Opening the trial last week, Mr Guerin said the State's case was that the two men played an "essential part" in a "very sophisticated and highly professional international drug trafficking operation".
The court heard that while the MV Matthew was sailing under the flag of Panama, it was owned by a Dubai-based company known as 'Symphony Marine'. It departed from Curacao, off the Venezuelan coast and sailed across the Atlantic before arriving in Irish territorial waters.
Evidence would show how the cargo ship attempted to evade capture but was followed "in hot pursuit" by the navy patrol vessel LE William Butler Yeats. The chase concluded when members of the Army Rangers, aided by the Air Corps, boarded the ship and took control of the vessel.

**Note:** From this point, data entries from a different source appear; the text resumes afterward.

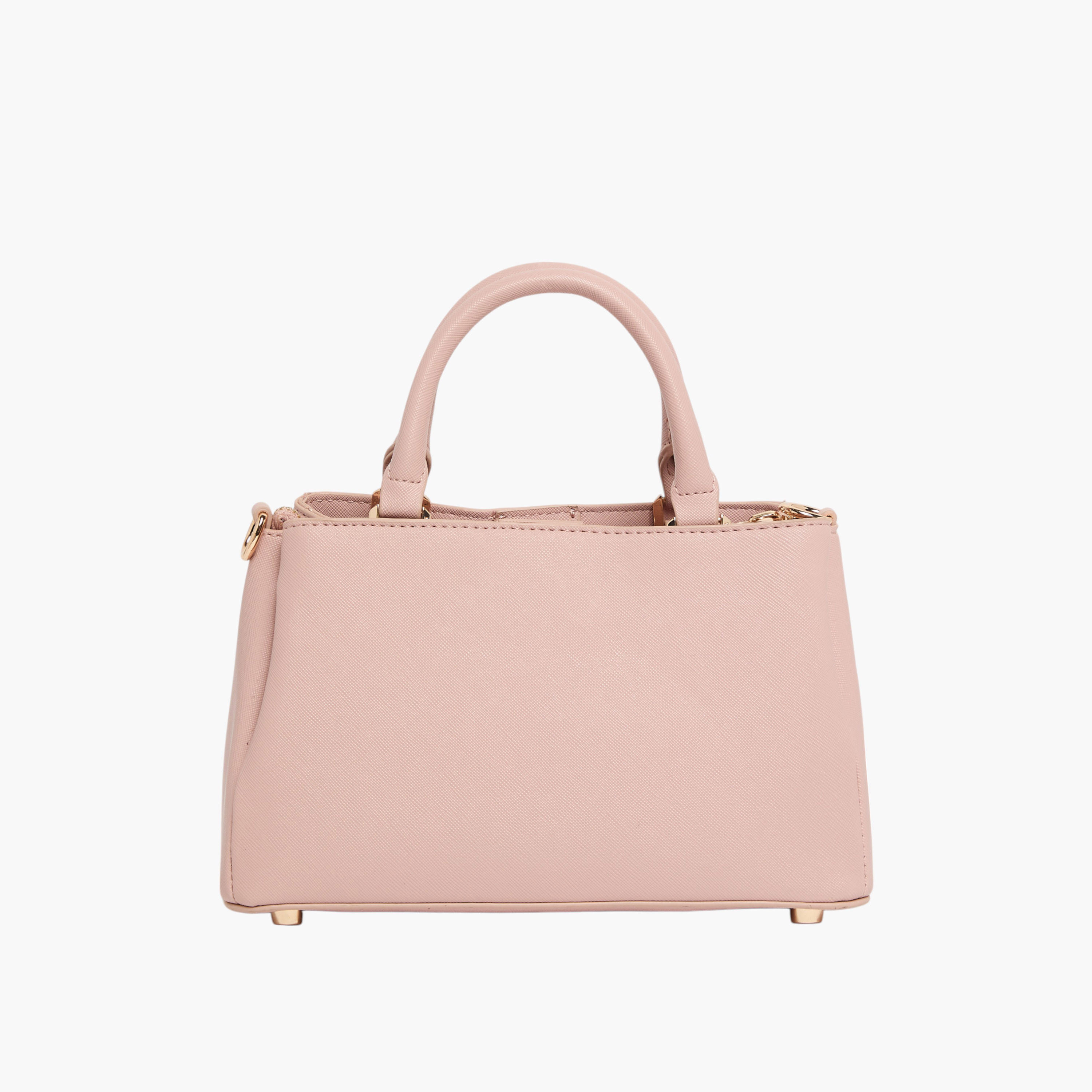 شنطة ساتشيل سادة بمقبض مزدوج ومحفظة معدنية قابلة للفصل من آن كلاين-women-bagsandwallets-handbags-image-3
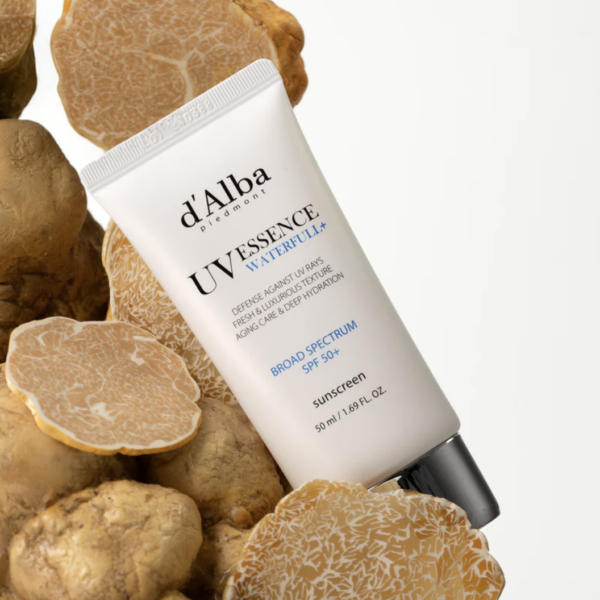 D’ALBA – Waterfull Essence Sun Cream SPF50+ PA++++ 50 ml – Protector Solar Hidratante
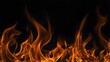 © Khawla - Fire flames on black background.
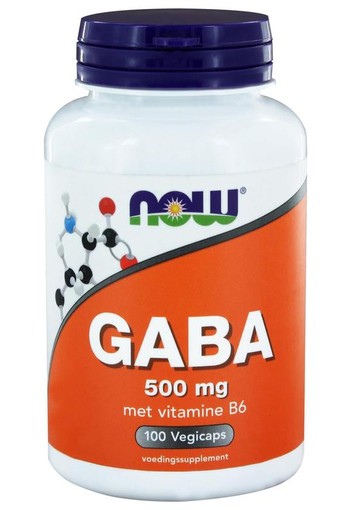 NOW GABA 500 mg (100 Vegetarische capsules)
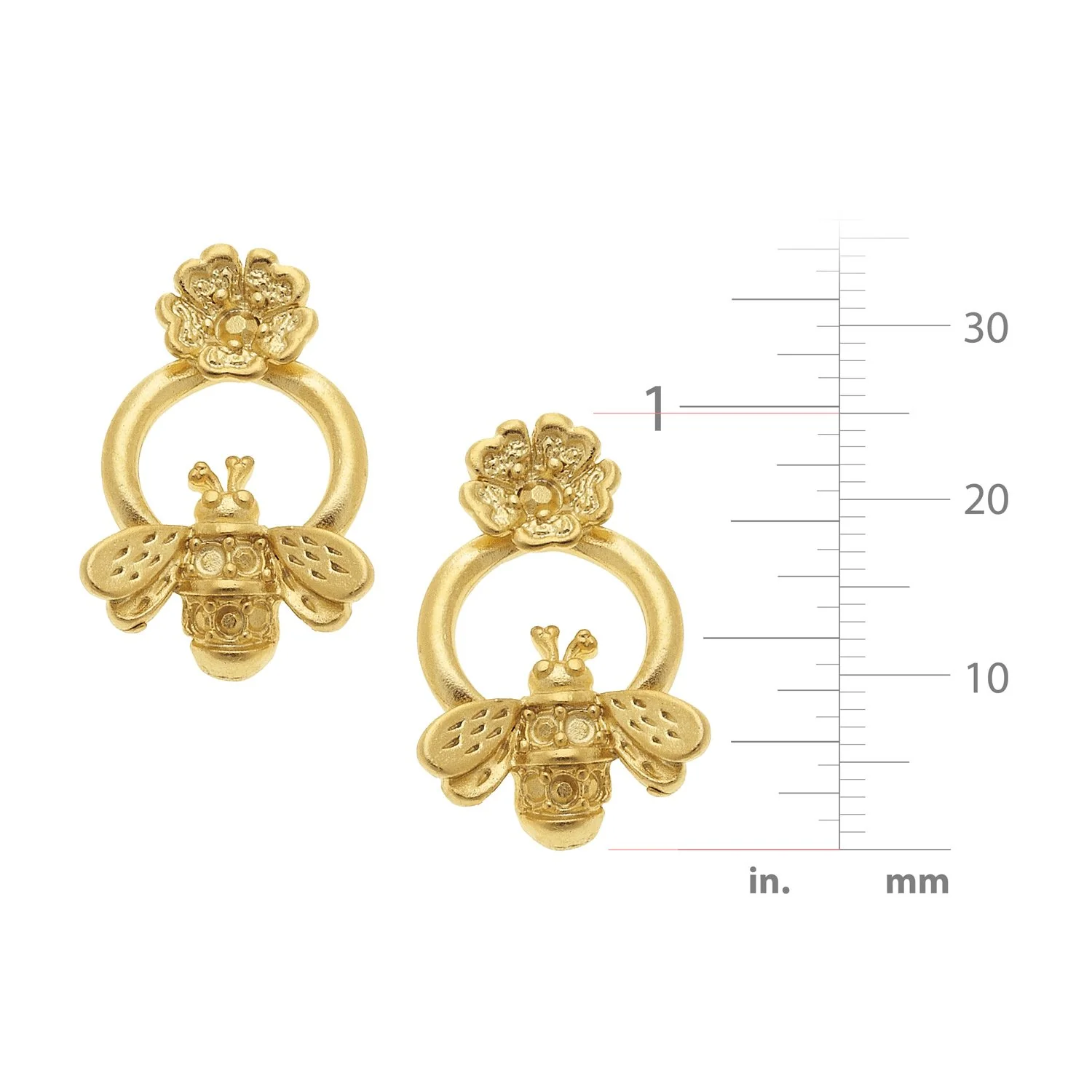 Poppy Bee Studs - Image 4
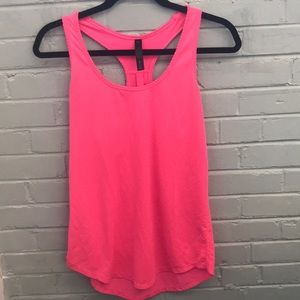 Hot pink athletic top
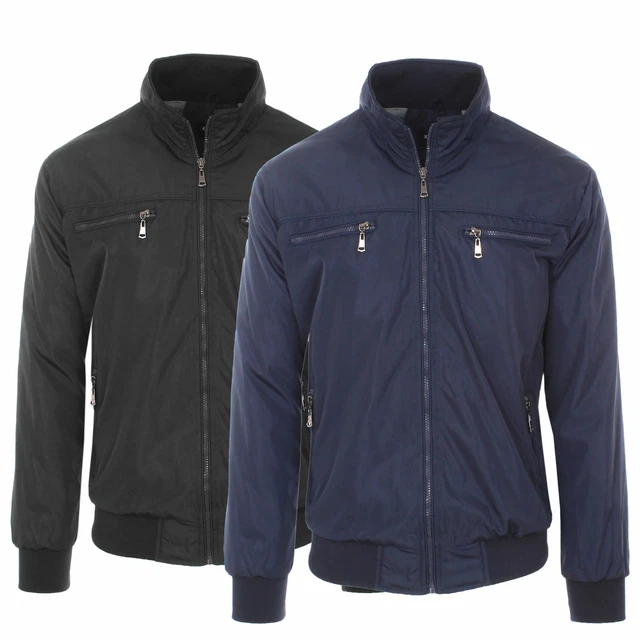 Giubbotto Uomo Impermeabile Leggero Giacca a Vento Slim Fit Giubbino Casual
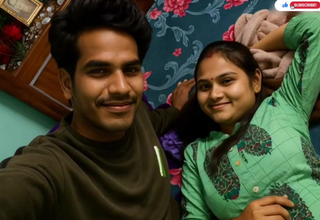 New married indoor Desi indian beautiful  giving a kiss overwrought -Snapchat143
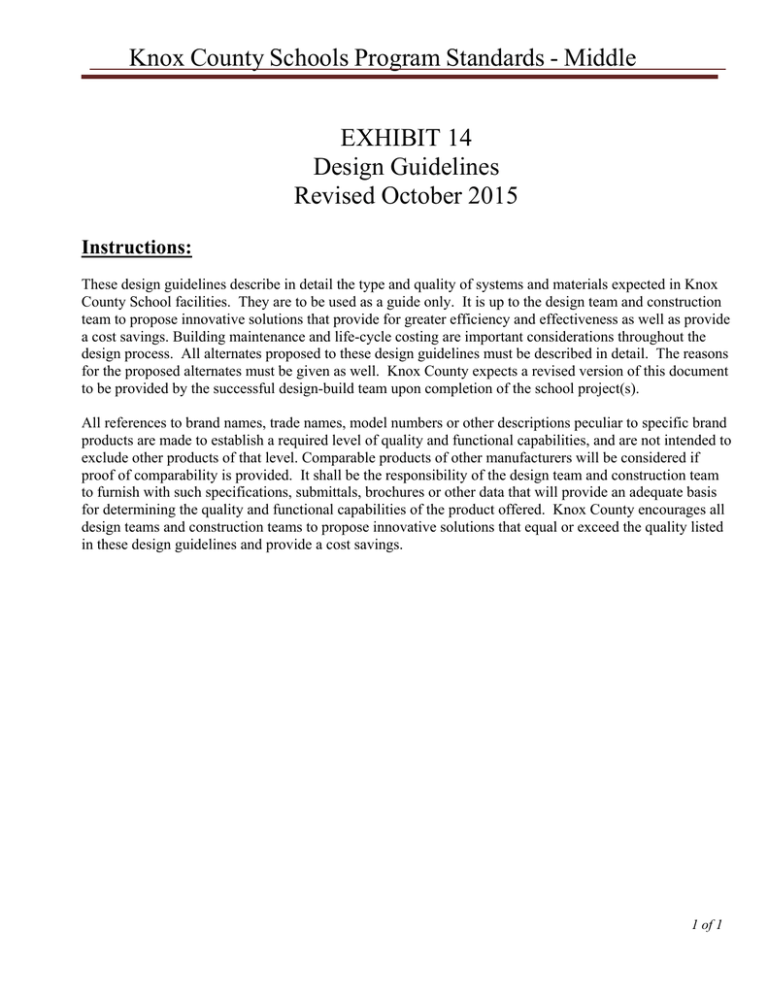 Standards - Knox County Government Standards - Knox County Government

The prosecution case against the two men was that they were directly involved in the physical possession of the drugs by the role they had played as ship's officers.
Mr Guerin said there would be evidence that the men had given direction to others in the preparation for the physical transfer of the drugs from the MV Matthew onto a fishing boat named The Castlemore.
The State alleged that both accused were in a deck officers WhatsApp messaging group and the case against them related to communications about the transportation of the drugs and the concealment of those activities from others.
Last week, the State called evidence that they said showed Estoesta was also involved in a group effort to disguise the vessel's true position on the seas.